Asked what they thought of the controversial ending to HBO's "The Sopranos," in which the screen suddenly went black, Blank and Greenblatt said they both thought that cable had gone out or something had happened to the TV set.

"Personally, I didn't like it, but if you have a creator who, like ('Sopranos' creator) David Chase, who is passionate about doing something, it's hard to say no to that person as long as they are doing something in the realm of social acceptability," Greenblatt said. "I would have probably tried to talk him out of it, but I probably would have failed."

Greenblatt said it's not likely that Showtime would "chase" a mafia-centric project in the vein of "Sopranos."

"I don't think anyone is going to be able to supplant that seminal show," he said.

He admitted that "a lot" of viewers are now up for grabs as a result of the show's coming to an end but that it's a very competitive landscape with more and more cable networks putting on original programming as well as other platforms like the Internet competing for people's attention.

As for the networks Greenblatt considers to be Showtime's competition, "I'm always worried about anybody who's putting on a great show," not only including HBO but also basic cable networks like FX.

"As we've had the type of success we've had over the last year or two, projects are coming to us first that wouldn't have come to us a year or two ago," Blank added.

Regarding Showtime's programming plans in the multiplatform arena, Blank said the main reason for putting shows online is promotional purposes at this point and that subscription video-on-demand is an important part of the business.

"As we move into the streaming world and the download world, we want to be able to provide product the way the subscription consumer wants to get it," he said.

Greenblatt also reiterated previous remarks that Showtime is out of the original movie business, preferring instead to focus resources on its series. He added that there talks about "possibly revisiting" "Sleeper Cell" with another installment down the road, though the network has "no holds" on the cast.

Also taking the stage were the cast and creatives behind the comedies "Weeds" and "Californication," which premiere Aug. 13, and dramas "Dexter" and "Brotherhood," which return Sept. 30. Greenblatt noted that come October, all four series will be in original episodes, an unusual move for a network that usually runs its regular series one at a time.

"That reinforces our brand and how far we've come in the past two years," Greenblatt said.

He added that Showtime is planning a big marketing campaign for "Californication," partnering up with Netflix to make it available to consumers before the show's premiere.

As for why David Duchovny chose "Californication" for his return to television in a regular role, "I read the script that Tom Kapinos wrote, and I was interested in the idea and the character."

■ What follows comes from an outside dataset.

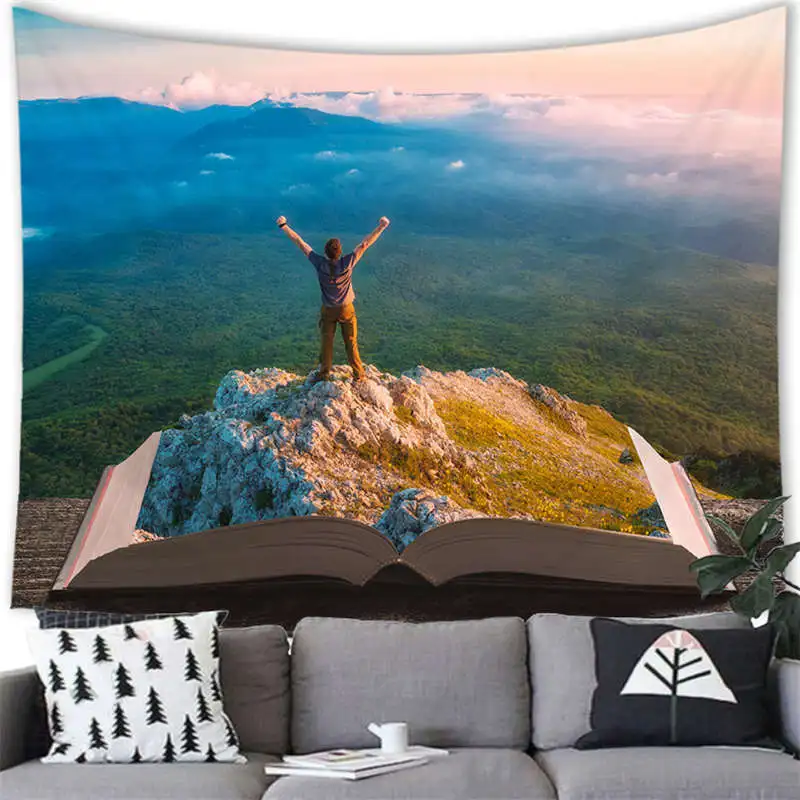 

Creative Magic Book digital-printed polyester tapestries living rooms bedrooms macrame wall hanging room decor aesthetic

In his remarks, Greenblatt also noted that Tracey Ullman's new comedy series, "State of the Union," premieres next year and that "The Tudors," which is in production on Season 2 for a 2008 premiere.

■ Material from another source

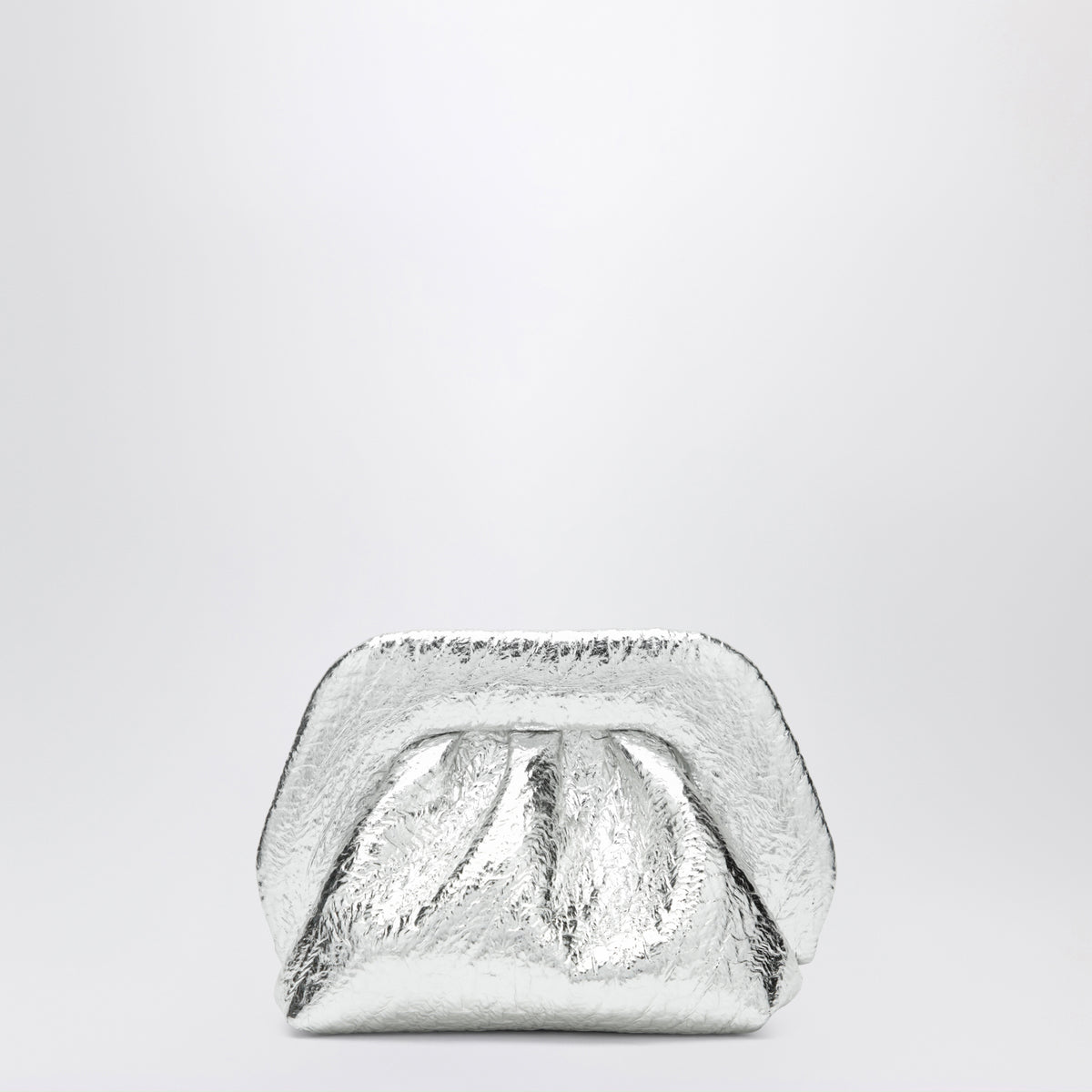 Kleine silberfarbene Bios Pouch aus Metallic-Kunstleder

Earlier in the day, GSN president and CEO Rich Cronin, who last week said he was going to be leaving the network at month's end, was asked if he had any regrets during his six years at GSN.

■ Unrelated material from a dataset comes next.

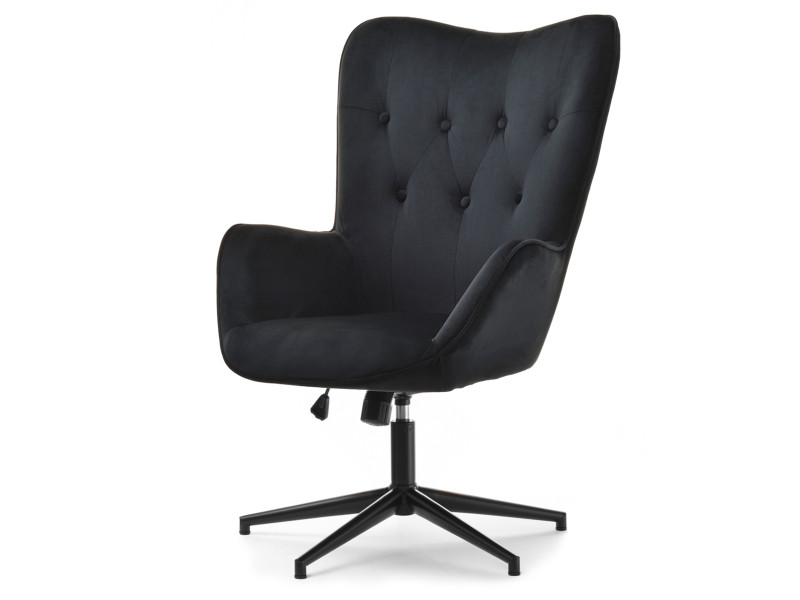 Czarny Welurowy Fotel Bujany Glamour Do Salonu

"We would have loved to have a 'South Park,' but those are kind of rare," he said, before expressing his confidence in the GSN team and its future.

During Sundance Channel's session, the network said it has ordered second seasons of the series "Big Ideas for a Small Planet" for an April premiere as well as interstitial series "Eco-Biz" and "Ecoists." In addition, the network has acquired U.S. rights to the second season of the BBC series "It's Not Easy Being Green."

In addition, the third season of talk show "Iconoclasts" kicks off at 10 p.m. Oct. 25 with the pairing of Sean Penn and author-adventurer Jon Krakauer. Other pairings will include Madeleine Albright and Ashley Judd; Mike Myers and Deepak Chopra; and Alicia Keys and Ruby Dee.